Odra nie pozostawiła złudzeń Stali w niedzielnym meczu i po raz kolejny wygrała pewnie na własnym boisku tym razem 5:0. Odra w meczu ze Stalą Chocianów od początku meczu nadawała ton wydarzeniom na boisku, a cztery gole zdobyte do przerwy przesądziło tak naprawdę o losach tego spotkania już w pierwszej połowie.
Pierwszy do siatki Gości trafił Damian Smolny w 17 minucie meczu, 9 minut później było już 2:0 po uderzeniu Damiana Maśleja. Stali grało się ciężko i nie mieli sytuacji po których mogli by odwrócić losy tego spotkania. Nasz zespół rosnącą przewagę udokumentował w 35 minucie kiedy to Patryk Obiała strzelił swoją trzecią bramkę w barwach Odry w trzecim kolejnym swoim występie. Wynik podwyższył w ostatniej akcji pierwszej połowy Damian Smolny zdobywając swoją drugą bramkę w tym spotkaniu.Ten zdobyty gol do szatni rozwiał już wszystkie nadzieje gości na dobry wynik w Ścinawie, Odra do przerwy prowadziła 4:0. Obraz gry w drugiej połowie się nie zmienił, nasz zespół utrzymywał się długo przy piłce dalej prowadząc grę. W 65 minucie dzieło zwieńczył Robert Dziedzina bardzo ładnym strzałem z dystansu. Mecz zakończył się wynikiem 5:0 i jest to najwyższa wygrana Odry ze Stalą na tym poziomie rozgrywek.
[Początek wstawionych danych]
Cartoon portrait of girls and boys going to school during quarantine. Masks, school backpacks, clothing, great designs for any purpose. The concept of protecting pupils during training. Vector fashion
Stali życzymy lepszej formy, a naszemu zespołowi podtrzymania dotychczasowej. Następny mecz Odry odbędzie się w Złotoryi z tamtejszym Górnikiem już w najbliższą sobotę.
Skrót meczu z przyczyn technicznych zaprezentujemy w aktualizacji tego artykułu już wkrótce.